Findings and implications from data mining the IMC review process

By: Robert Beverly, Mark Allman

Appears in: CCR January 2013

Abstract: The computer science research paper review process is largely human and time-intensive. More worrisome, review processes are frequently questioned, and often non-transparent. This work advocates applying computer science methods and tools to the computer science review process. As an initial exploration, we data mine the submissions, bids, reviews, and decisions from a recent top-tier computer networking conference. We empirically test several common hypotheses, including the existence of readability, citation, call-for-paper adherence, and topical bias. From our findings, we hypothesize review process methods to improve fairness, efficiency, and transparency.

Public Review By: Sharad Agarwal

The debate on how to improve the conference paper review process rages on. This highly competitive, manual and lengthy process can have a big impact on the dissemination of new ideas, and author morale and careers. The goal of this paper is to encourage our community to analyze data on the review process, both during and after the review process, to help expose and/or correct biases (or lack thereof).
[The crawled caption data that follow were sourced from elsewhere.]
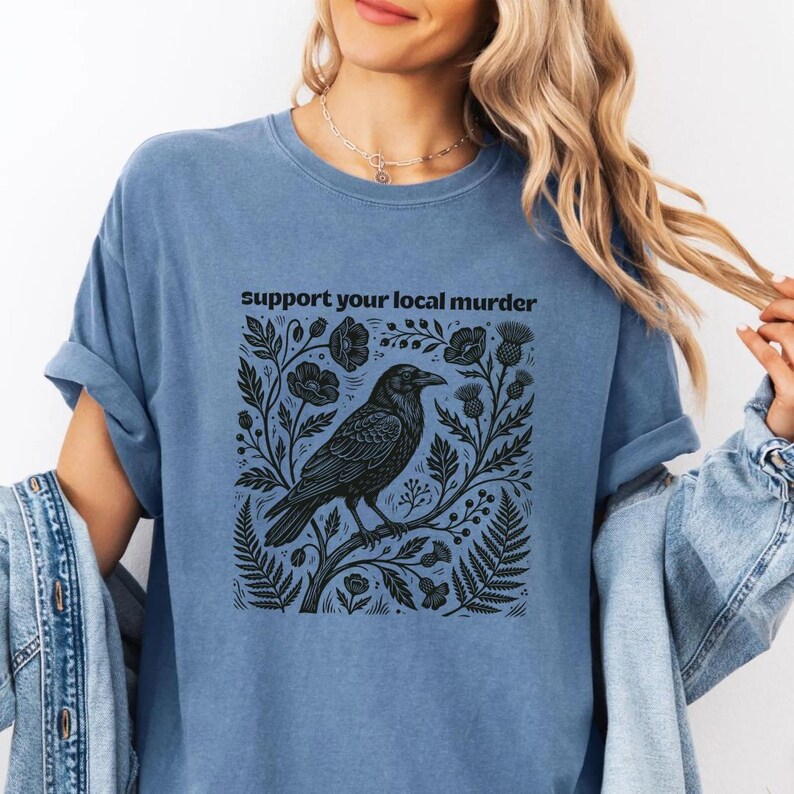 May include: A blue t-shirt featuring a black graphic print of a crow perched on a branch surrounded by flowers and leaves. The text "support your local murder" is printed in black above the illustration. The shirt has short sleeves and a crew neck.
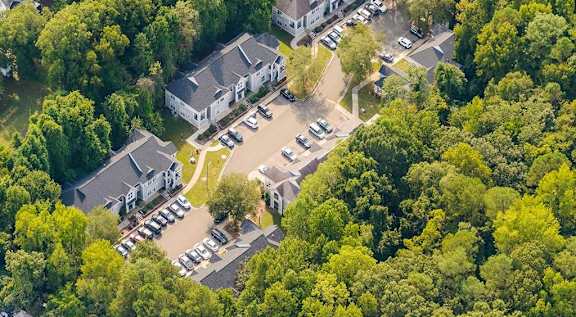 A bird's eye view of a residential area with houses and parked cars.
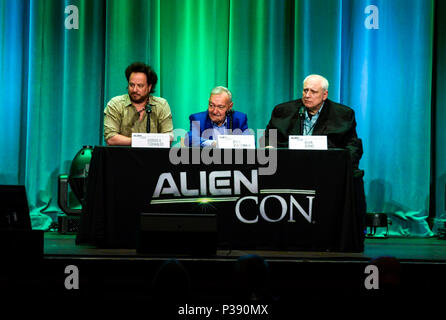 Pasadena, California, June 16, 2018, Ancient Aliens star Giorgio Tsoukalos and Producer Kevin Burns celebrate with Erich Von Daniken the 50th anniversary of the book, Chariots of the Gods at AlienCon day 2. They finished the session answering questions fron the audience.  Credit: Ken Howard Images/Alamy Live News Stock Photo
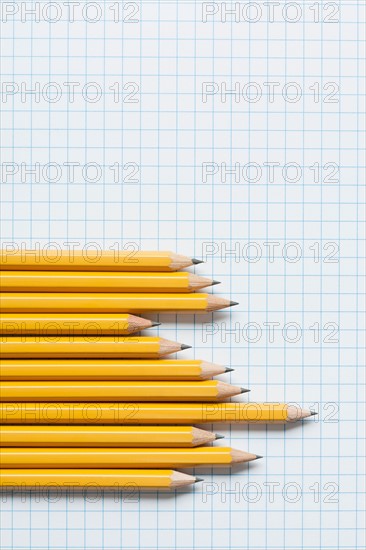 Grouping of yellow pencils in graph shape on graph paper. Photo : Kristin Duvall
This paper analyzes review data from ACM Internet Measurement Conference 2010. The authors find there is no bias with respect to readability, nor reviewer bidding scores. However, they find a topic bias and a citation bias, neither of which I find surprising and both are likely benign. We have to treat the findings with care. This paper uses only one conference's data. The cause of any bias (or lack of bias) has not been uncovered, though that is not a stated goal of the paper. The paper is far from comprehensive in exploring all possible biases. Individual analyses can be improved -- for example, language sophistication is probably not a best fit for technical papers. I expect this paper will generate discussion in the ACM SIGCOMM community. I hope there will be follow-on work by TPC chairs of other conferences and workshops. At the very least, we can help novice authors better understand with objective metrics what the bar is for different venues. We can take solace in knowing that no immediate cause for alarm has been identified in this paper.